The Hunter didn’t look around, concentrating only on the immediate tasks. Wandering gazes invited suspicion, and suspicion made people notice. This didn’t really matter, though, because no one would recognize him. When he was the Hunter, he walked with a practiced limp. He gained forty pounds, thanks to a padded body suit. He even cocked his head to the side and imagined himself as a hunchback. That was all his Quarry would ever see: the Hunter, not the Normal. They were two separate figures, two separate lives.
The Hunter opened the front door of the car, slid into the seat, and sat motionless. Killing. Killing was too messy, making the Hunter feel hollow. The way he had felt after breaking toys as a child. He always regretted breaking the toys, making them worthless bits from the past. But even worse, he hated ruining the future: a broken toy was useless, empty.
The Hunter sighed and retrieved a cigarette from the pack on the car’s dash. He didn’t smoke, not when he was the Normal. But he was careful to do so when the Hunter, to do everything differently.
He inhaled the dry, crisp tang of the tobacco and let a tendril of smoke slide from his lips, wondering if there might be someone like-minded wandering the streets out there. An opposite doppelganger who loved the actual kill, for instance. Maybe, if he could find such a being, they could complement each other, work together, confide.
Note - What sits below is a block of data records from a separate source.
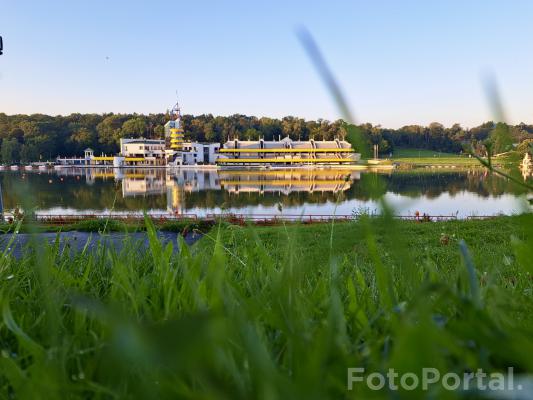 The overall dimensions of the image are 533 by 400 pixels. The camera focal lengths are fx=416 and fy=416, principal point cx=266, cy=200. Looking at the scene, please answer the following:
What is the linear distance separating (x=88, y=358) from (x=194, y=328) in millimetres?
238

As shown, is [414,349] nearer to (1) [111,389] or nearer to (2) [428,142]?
(1) [111,389]

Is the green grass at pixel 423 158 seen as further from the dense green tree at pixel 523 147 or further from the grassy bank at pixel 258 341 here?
the grassy bank at pixel 258 341

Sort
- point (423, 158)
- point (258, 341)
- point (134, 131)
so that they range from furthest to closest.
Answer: point (134, 131) → point (423, 158) → point (258, 341)

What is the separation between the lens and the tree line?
46.4 metres

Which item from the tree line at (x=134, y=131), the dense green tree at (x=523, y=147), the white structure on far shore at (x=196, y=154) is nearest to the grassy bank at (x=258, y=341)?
the dense green tree at (x=523, y=147)

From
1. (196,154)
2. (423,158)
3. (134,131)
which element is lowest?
(423,158)

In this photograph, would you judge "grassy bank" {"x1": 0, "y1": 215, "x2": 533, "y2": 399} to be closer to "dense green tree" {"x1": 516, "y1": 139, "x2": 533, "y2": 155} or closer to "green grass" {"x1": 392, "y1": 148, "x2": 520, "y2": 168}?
"dense green tree" {"x1": 516, "y1": 139, "x2": 533, "y2": 155}

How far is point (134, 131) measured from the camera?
178 feet

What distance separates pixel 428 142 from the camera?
50250 mm

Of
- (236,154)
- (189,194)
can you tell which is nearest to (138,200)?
(189,194)

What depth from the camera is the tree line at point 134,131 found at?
4641 cm

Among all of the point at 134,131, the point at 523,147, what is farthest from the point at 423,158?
the point at 523,147

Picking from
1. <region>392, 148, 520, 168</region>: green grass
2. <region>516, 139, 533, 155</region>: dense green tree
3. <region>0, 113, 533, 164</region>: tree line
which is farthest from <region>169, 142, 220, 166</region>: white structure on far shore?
<region>516, 139, 533, 155</region>: dense green tree

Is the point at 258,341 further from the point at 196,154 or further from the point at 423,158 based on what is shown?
the point at 423,158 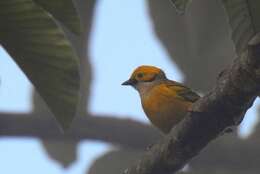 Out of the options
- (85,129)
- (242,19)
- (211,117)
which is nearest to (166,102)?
(242,19)

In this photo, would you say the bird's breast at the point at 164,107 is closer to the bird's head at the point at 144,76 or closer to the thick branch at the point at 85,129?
the bird's head at the point at 144,76

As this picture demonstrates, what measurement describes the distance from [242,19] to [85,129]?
5.07 metres

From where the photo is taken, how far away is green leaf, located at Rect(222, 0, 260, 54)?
3.13 metres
Perhaps, here on God’s green earth, he wasn’t the only one who had
become
.
He stubbed out the cigarette after just a few puffs, stubbing out thoughts of similar beings along with it. Of course there were no others. He was special, a unique creation all his own.
He looked at the watch on his wrist, watching as the analog second hand ticked its way around the face. Time to lock up the Quarry.
Two smells always comforted the Hunter: root cellars and burlap. They made him think of his father, a worthless drunk who had riddled his liver with cirrhosis by age fifty. In fact, drinking was one of two things his father had seemed to do well. That, and gardening.
When the Hunter had been a child, he had figured gardening must be easy. Had to be for his dad to be so good at it. But he only had to try gardening once to figure out the task was considerably more difficult than hoisting a bottle of Aces High whiskey.
He had planted carrots, corn, and potatoes. Then the weeds took over. No matter what he did, the weeds infested his small garden patch, mostly a low-growing viny thing that sprouted white flowers. And the more he hoed, the more he dropped to his knees and yanked vines, the more he sprayed the leaves of the weeds with chemicals, the more the weeds laughed in his face, taunting him.